Prepare to be underwhelmed. I went through a lot of effort to get my antenna set up and signal levels adjusted hoping to eliminate the pervasive artifacting that I notice in the dish HD signals. Unfortunately I don't see much of a difference. There is still a ton of artifacting in the OTA signal - especially during motion and changes in brightness.

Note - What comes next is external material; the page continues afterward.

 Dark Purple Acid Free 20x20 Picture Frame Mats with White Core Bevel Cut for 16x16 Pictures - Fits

It seems that most people on this forum are so geeked out about resolution that they rarely take into consideration compression quality. Personally I would take a lossless 720i signal over the current broadcast quality 1080i signals any day. Hell, even watching a standard DVD is better than a broadcast HD signal on certain content. (ie. King Kong, Lost, etc..)


----------



## whatchel1 (Jan 11, 2006)

brantlew said:


> Prepare to be underwhelmed. I went through a lot of effort to get my antenna set up and signal levels adjusted hoping to eliminate the pervasive artifacting that I notice in the dish HD signals. Unfortunately I don't see much of a difference. There is still a ton of artifacting in the OTA signal - especially during motion and changes in brightness.
> 
> It seems that most people on this forum are so geeked out about resolution that they rarely take into consideration compression quality. Personally I would take a lossless 720i signal over the current broadcast quality 1080i signals any day. Hell, even watching a standard DVD is better than a broadcast HD signal on certain content. (ie. King Kong, Lost, etc..)


The problem you are having is multi-path. E* is working on it. They tried a s/w update to fix it but it didn't work. Got this from a E* tech about it.

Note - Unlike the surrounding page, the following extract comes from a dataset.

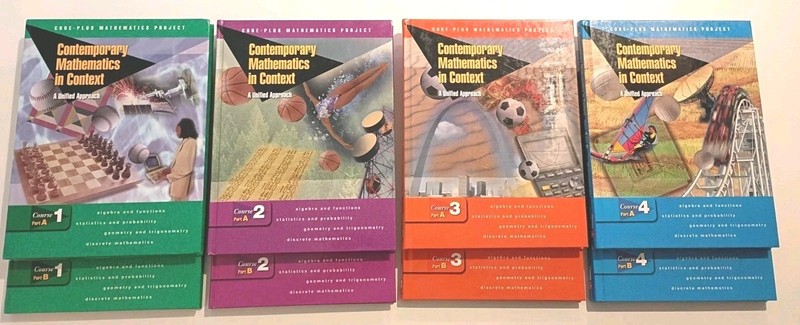 Contemporary Mathematics In Context Course 1-4 Books Math Textbooks Homeschool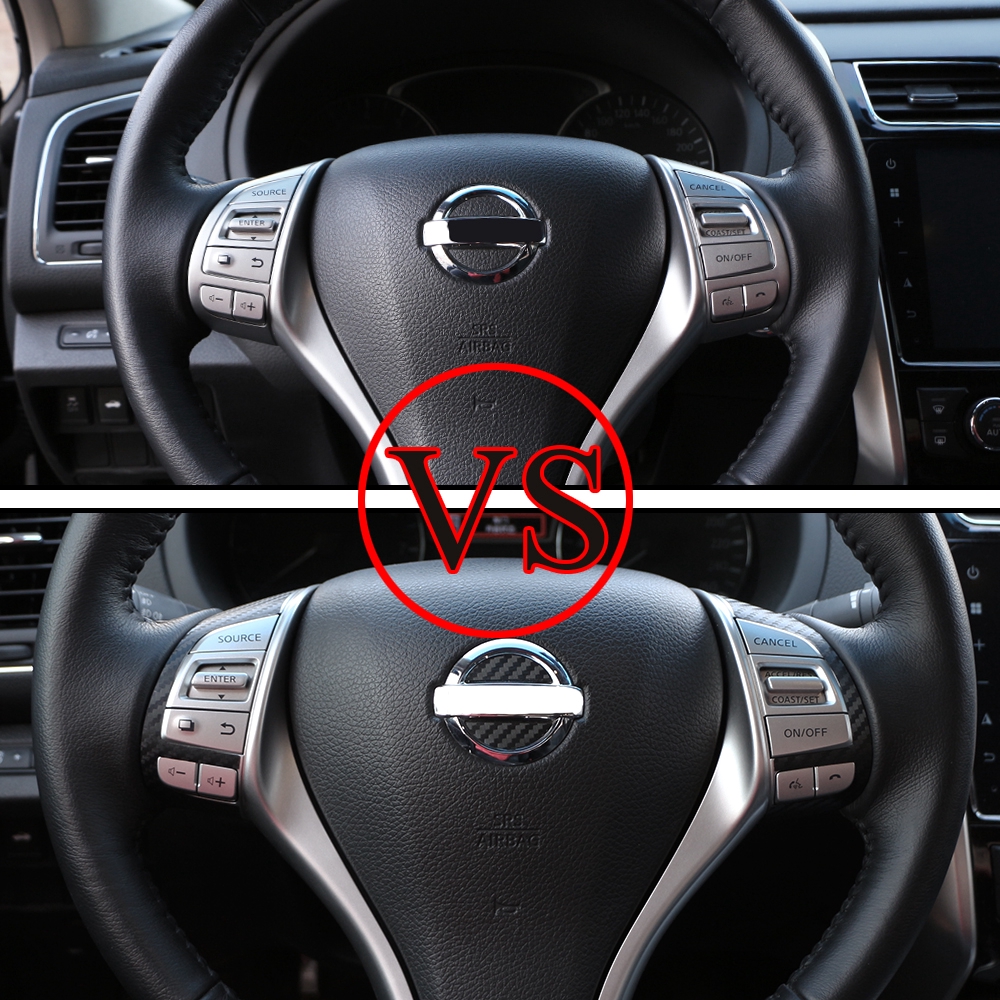 สติกเกอร์คาร์บอนไฟเบอร์ สําหรับติดตกแต่งพวงมาลัยรถยนต์ Nissan X-trail Xtrail T32 Rogue 2014-2020 ราคา ถูกที่สุด ดีลบีเคเค แกลเลอรีภาพที่ 3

"The new test cut that has many fixes is being tested. It will be released as soon as all the tests are done. Please bear with us as we work hard to resolve the issues."


----------



## brantlew (Mar 19, 2007)

whatchel1 said:


> The problem you are having is multi-path.


No, I know the difference between digital artifacts caused by poor reception and signal reconstruction errors and the artifacts caused by MPEG compression.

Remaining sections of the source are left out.